I have $n$ i.i.d. random variables, $X_1,…, X_n$ which follow some arbitrary distribution. Based on experiments in Python with various distributions, it seems that $\mathbb{E}(\max(X_1,…,X_n))$ is a linear (or seemingly close to linear) function of $\mathbb{E}(X_i)$. It is indeed linear for some examples where it is possible to get a closed form solution for $\mathbb{E}(\max(X_1,…,X_n))$ or a good approximation.
Expected value of $\max\{X_1,\ldots,X_n\}$ where $X_i$ are iid uniform.
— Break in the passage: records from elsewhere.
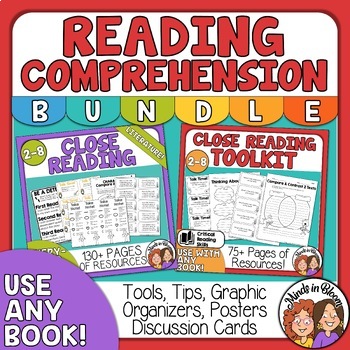 Preview of Close Reading - Graphic Organizer, Guided Reading Responses,  Bonus Reading Log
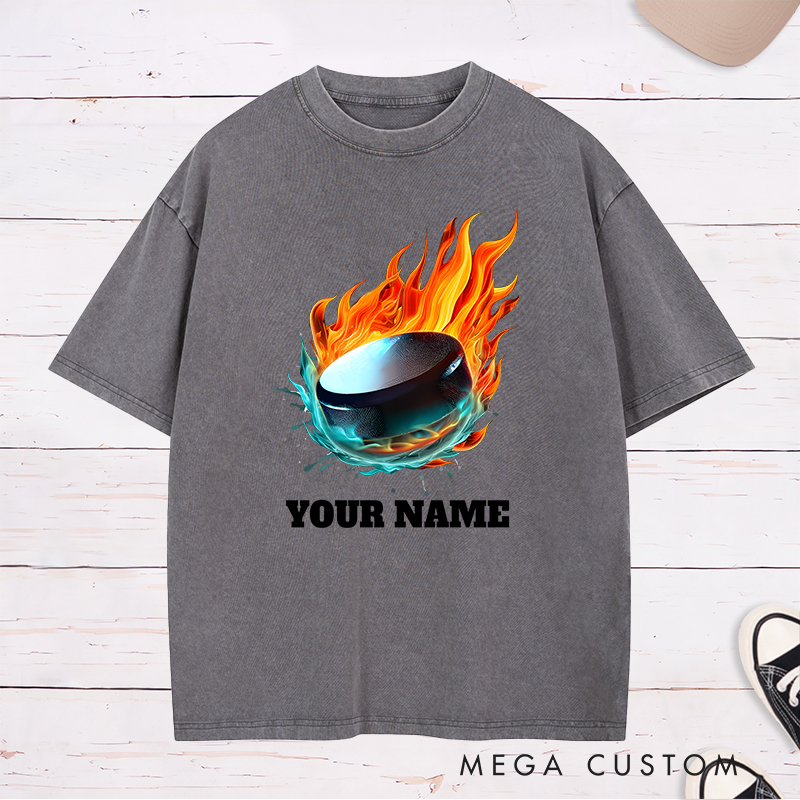 Personalized Flaming Hockey Puck Washed T-Shirt with Custom Name  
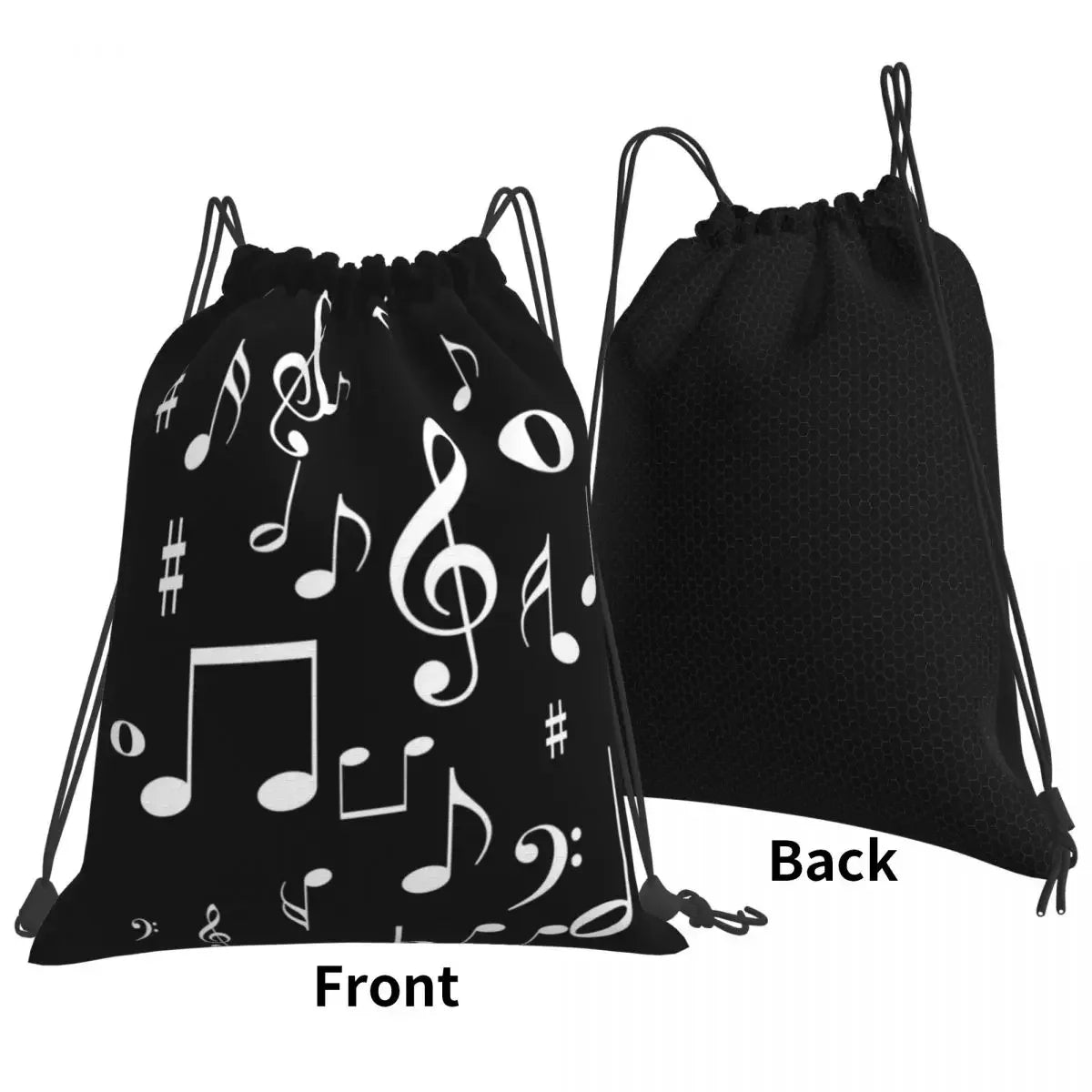 Minimalist Music Notes Drawstring Bag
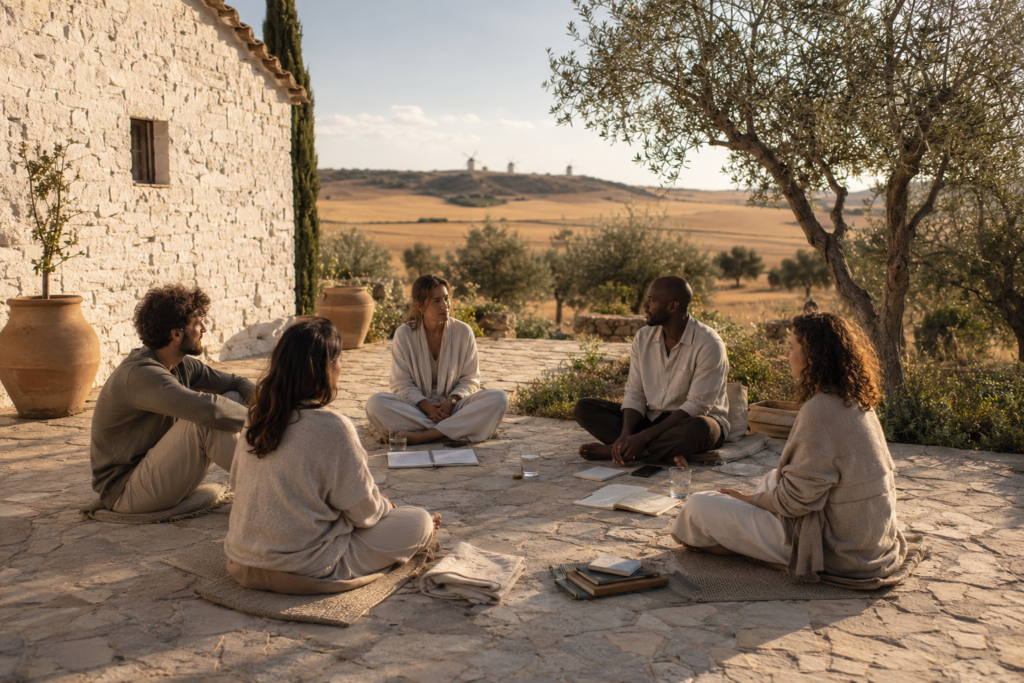 Retiro espiritual en Castilla-La Mancha con grupo en casa rural y paisaje abierto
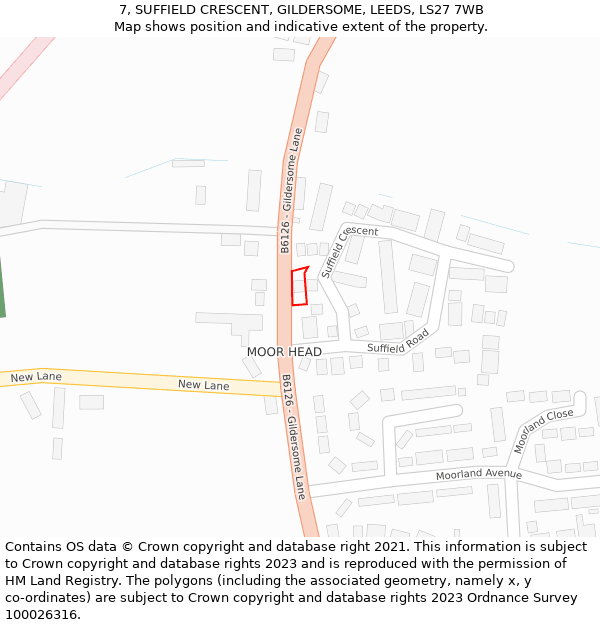 7, SUFFIELD CRESCENT, GILDERSOME, LEEDS, LS27 7WB: Location map and indicative extent of plot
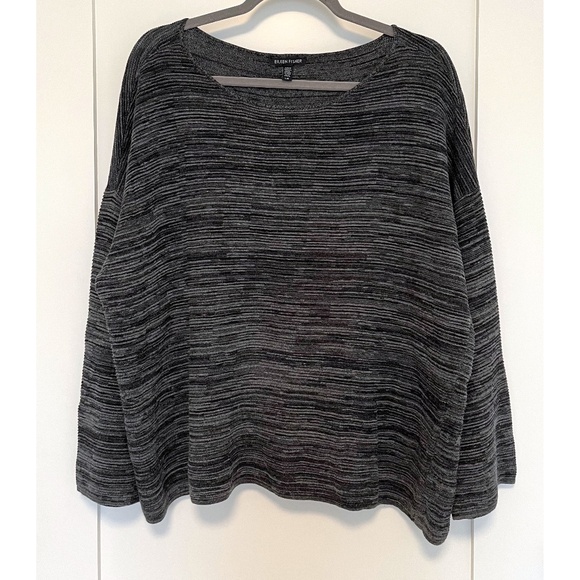 Eileen Fisher Black & Grey Striped Textured Long Sleeve Top - Picture 1 of 8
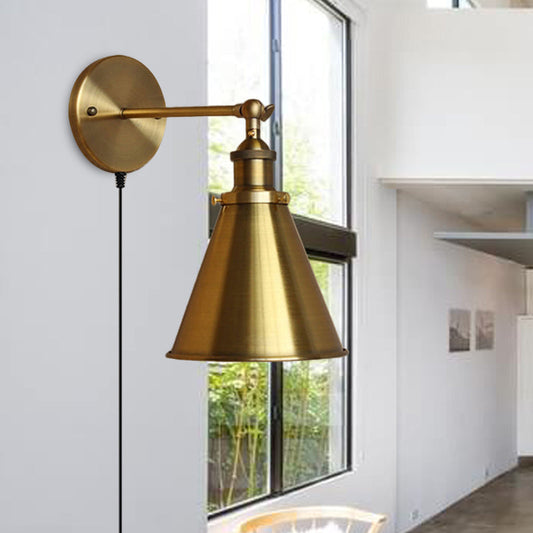 Vivolux | 1 Glühbirne Geschwungene Wandlampe Retro Stil Messing Metall Wandlicht mit Stecker-Kabel für Wohnzimmer
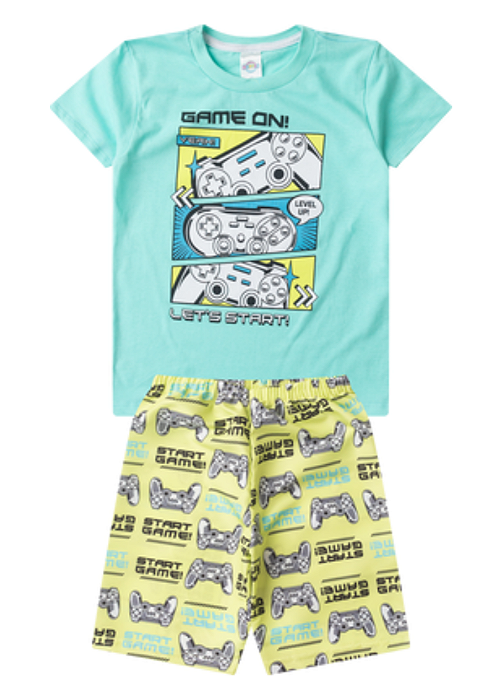 Conjunto Infantil Verão Menino Game On Verde Água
Expectation of the maximum of i.i.d. geometric random variables
I wonder if this is the case more generally? Is there some way to prove it?
Best Answer
A general technique to get a bound that is often pretty decent is to use the MGF if you have it: for all $t\geq 0$: \begin{align} \exp(t\mathbb{E}[\max_i X_i])&\leq \mathbb{E}[\exp(t\max_i X_i)]\\ &\leq\mathbb{E}[\sum_{i=1}^n \exp(t X_i)] \\ &= n\mathbb{E}[\exp(t X)], \end{align} so \begin{equation} \mathbb{E}[\max_i X_i]\leq \frac{\log(n\mathbb{E}[\exp(tX)])}{t}. \end{equation} You can then optimize in $t\geq 0$ to get a decent upper bound. For instance, doing this with Gaussians with variance $\sigma^2$ would show $\mathbb{E}[\max_i X_i]\leq \sigma\sqrt{2\log n}$, which turns out to be right up to a constant.